Trump’s Trade War Causes No Growth In Germany’s Economy In Q2
Germany's already moribund economy is expected to post negative growth in the second quarter mainly on account of Trump's trade war with China. The certainty of this no growth scenario will also snap Germany's nine-year-long streaks of consecutive quarterly growth.
In consonance with this spate of dismaying news are confirmed reports German business morale fell to its lowest level since November 2014 in June, according to the Ifo Institute for Economic Research based in Munich.
Ifo is Germany's most influential economics research institute and is widely known for its monthly Ifo Business Climate Index for Germany.
It's business climate index for June fell for the third month in a row to 97.4 in June from 97.9 in May. That was below a consensus forecast for 97.2.
"The German economy is heading for the doldrums," said Ifo President Clemens Fuest.
He noted Germany's business climate in both the manufacturing and services sectors has worsened.

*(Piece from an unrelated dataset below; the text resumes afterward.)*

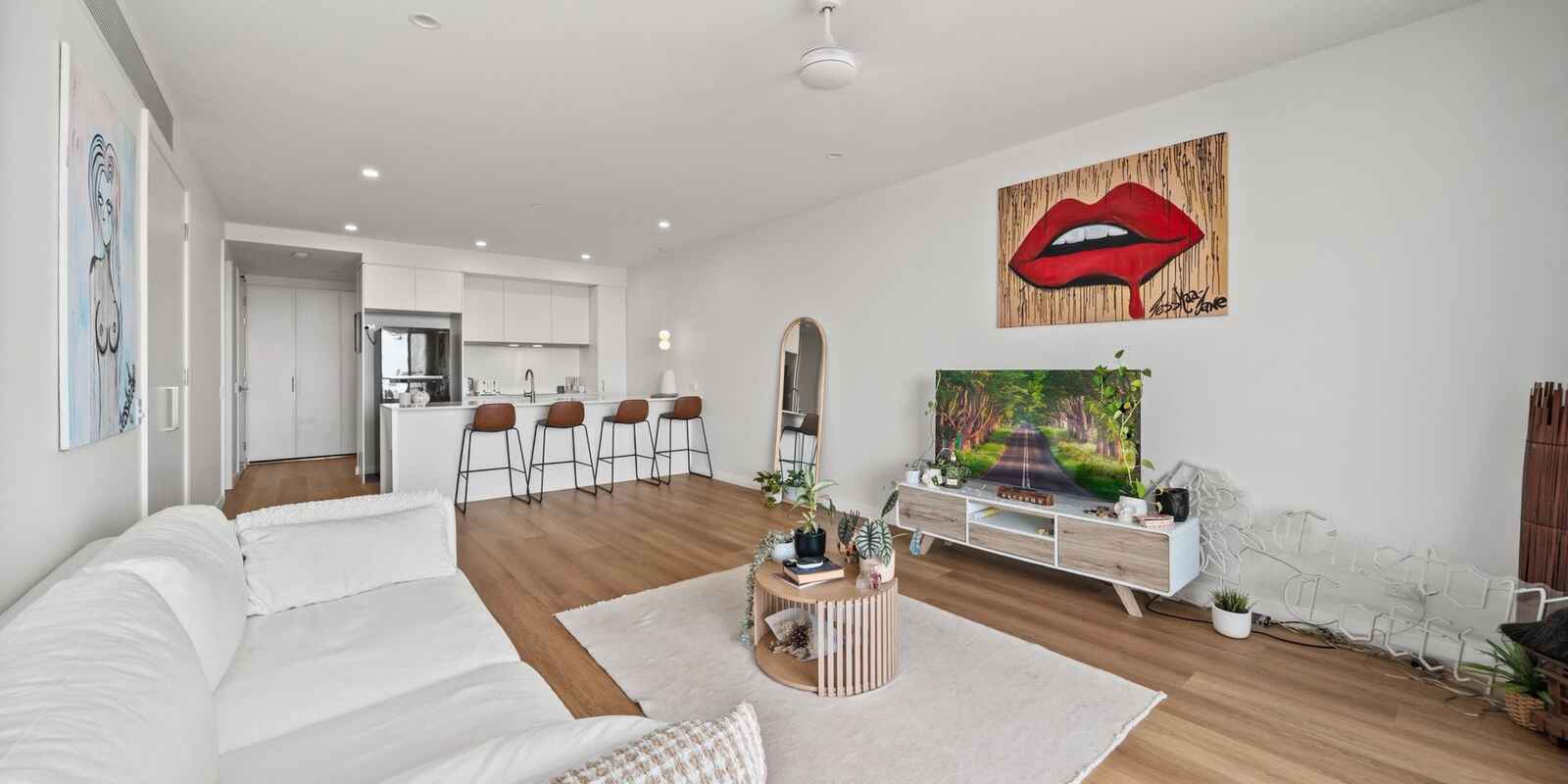 25/6 Barrel Street Bokarina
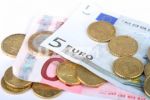 Crisi: Aumento dei Prezzi per Tutta L'Europa 1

The Bundesbank, Germany's central bank, said expects the economy to contract slightly in the second quarter after growing just 0.4% from January and March. The federal government has halved its 2019 growth forecast to 0.5% after a GDP growth of 1.5% in 2018, the weakest rate of expansion in five years.
Ifo economist Klaus Wohlrabe said Trump's trade against China remains the main source of uncertainty for German businesses, which rely on exports to both mammoth countries for their continued growth. Wohlrabe doesn't see a recession but does see a slowdown. Other economic analysts agree.
In a note to investors, Christina Iacovides of Capital Economics said she expects the German economy to slow to little more than a crawl in the second quarter.
Another analyst, Carsten Brzeski of ING, said "fear of losing" is the best summary of the current state of Germany's businesses. Brzeski expects the services sector to continue driving growth in the broader economy.
Some economists now fear the recession in the manufacturing sector could spread to the services sector, which has been responsible for most of Germany's growth in these turbulent times.
"A bottoming-out is in sight for German industry," said Brzeski. "The recent U-turn of the ECB towards more dovishness indicates that financing conditions for new domestic investments will remain favorable. However, let's be clear, a bottoming out is still far from being a strong rebound."
Instead of manufacturing, Germany's economy now relies on private consumption for growth, according to some analysts. This turn of events, however, will render the economy more vulnerable to rising wages and low-interest rates.